Introduction

Traversing a two-dimensional array means visiting its elements in some order, usually row by row or column by column. The most common interview and algorithm question is what that costs in time.

In the standard case, the answer is proportional to the number of elements you touch. For an array with m rows and n columns, a full traversal takes O(m * n) time.

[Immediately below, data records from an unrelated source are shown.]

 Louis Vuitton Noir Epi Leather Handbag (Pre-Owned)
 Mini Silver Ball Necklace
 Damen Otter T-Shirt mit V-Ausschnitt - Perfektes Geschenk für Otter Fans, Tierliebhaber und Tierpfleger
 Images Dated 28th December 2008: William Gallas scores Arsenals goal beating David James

Why the Complexity Is O(m * n)

A 2D array with m rows and n columns contains m * n elements. If your algorithm visits each element once and does constant work per visit, the total work is:

m * n * O(1) = O(m * n)

That is the core idea. Time complexity depends on how many cells are processed, not on how many for loops appear in the source code.

Here is a simple Python example:

1matrix = [
2    [1, 2, 3],
3    [4, 5, 6],
4    [7, 8, 9],
5]
6
7for row in matrix:
8    for value in row:
9        print(value)

The nested loops do not automatically mean O(n^2) in every case. They mean the runtime is the product of the loop lengths. For a matrix with dimensions m and n, that is O(m * n).

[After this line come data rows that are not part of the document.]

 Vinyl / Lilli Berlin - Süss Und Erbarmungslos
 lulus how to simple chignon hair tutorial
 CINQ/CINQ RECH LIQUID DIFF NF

Square Matrix Versus Rectangular Matrix

If the matrix is square, with n rows and n columns, then m = n, so O(m * n) becomes O(n^2).

That is why many examples in textbooks say traversing a matrix is O(n^2). They are assuming a square matrix. In the more general case, O(m * n) is the more accurate statement.

For example:

• a 100 x 100 matrix has 10,000 elements
• a 100 x 3 matrix has 300 elements
• both use nested loops, but the actual work differs a lot

So it is better to describe the complexity in terms of both dimensions when possible.

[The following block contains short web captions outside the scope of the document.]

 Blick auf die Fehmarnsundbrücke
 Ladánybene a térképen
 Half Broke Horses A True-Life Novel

Different Traversal Orders, Same Asymptotic Cost

You can traverse a 2D array in many orders:

• row-major order
• column-major order
• diagonal order
• spiral order
• zigzag order

If the algorithm still visits every element exactly once, the time complexity remains O(m * n).

Here is a row-major traversal in Java:

1public class TraverseMatrix {
2    public static void main(String[] args) {
3        int[][] matrix = {
4            {1, 2, 3},
5            {4, 5, 6}
6        };
7
8        for (int i = 0; i < matrix.length; i++) {
9            for (int j = 0; j < matrix[i].length; j++) {
10                System.out.println(matrix[i][j]);
11            }
12        }
13    }
14}

Whether you print, sum, or count the elements, the asymptotic traversal cost is still tied to the number of cells visited.

When the Complexity Is Less Than Full Traversal

Not every algorithm over a 2D array touches every element. If you stop early, complexity changes.

For example, searching for a target and returning as soon as it is found may be faster in practice:

1def contains(matrix, target):
2    for row in matrix:
3        for value in row:
4            if value == target:
5                return True
6    return False

Worst-case time is still O(m * n) because the target might be absent or located at the last cell. Best-case time is O(1) if the first element matches.

That is why algorithm discussions often distinguish between worst-case, average-case, and best-case complexity.

Space Complexity of Traversal

A normal iterative traversal uses O(1) extra space, ignoring the input array itself.

1total = 0
2for row in matrix:
3    for value in row:
4        total += value

The algorithm keeps only a few variables while scanning the matrix. If you build a second matrix or recursive traversal structure, extra space can increase, but plain traversal itself is constant-space.

Common Pitfalls

One common mistake is saying “nested loops means O(n^2)” without checking whether the two loop bounds are actually the same variable. For a general 2D array, O(m * n) is the correct expression.

Another issue is forgetting that complexity depends on visited elements. If an algorithm skips parts of the matrix or exits early, the exact runtime behavior may differ from full traversal.

It is also easy to mix up time and space complexity. A full scan may be O(m * n) in time while still using only O(1) extra space.

Finally, do not confuse asymptotic complexity with cache performance. Two traversal orders can both be O(m * n) while still having different real-world speed because of memory layout.

Summary

• Fully traversing an m x n 2D array takes O(m * n) time.
• If the matrix is square, that becomes O(n^2).
• The traversal order does not change asymptotic complexity as long as every element is visited once.
• Early exit algorithms may have smaller best-case runtime, but full worst-case traversal is still O(m * n).
• Plain iterative traversal usually uses O(1) extra space.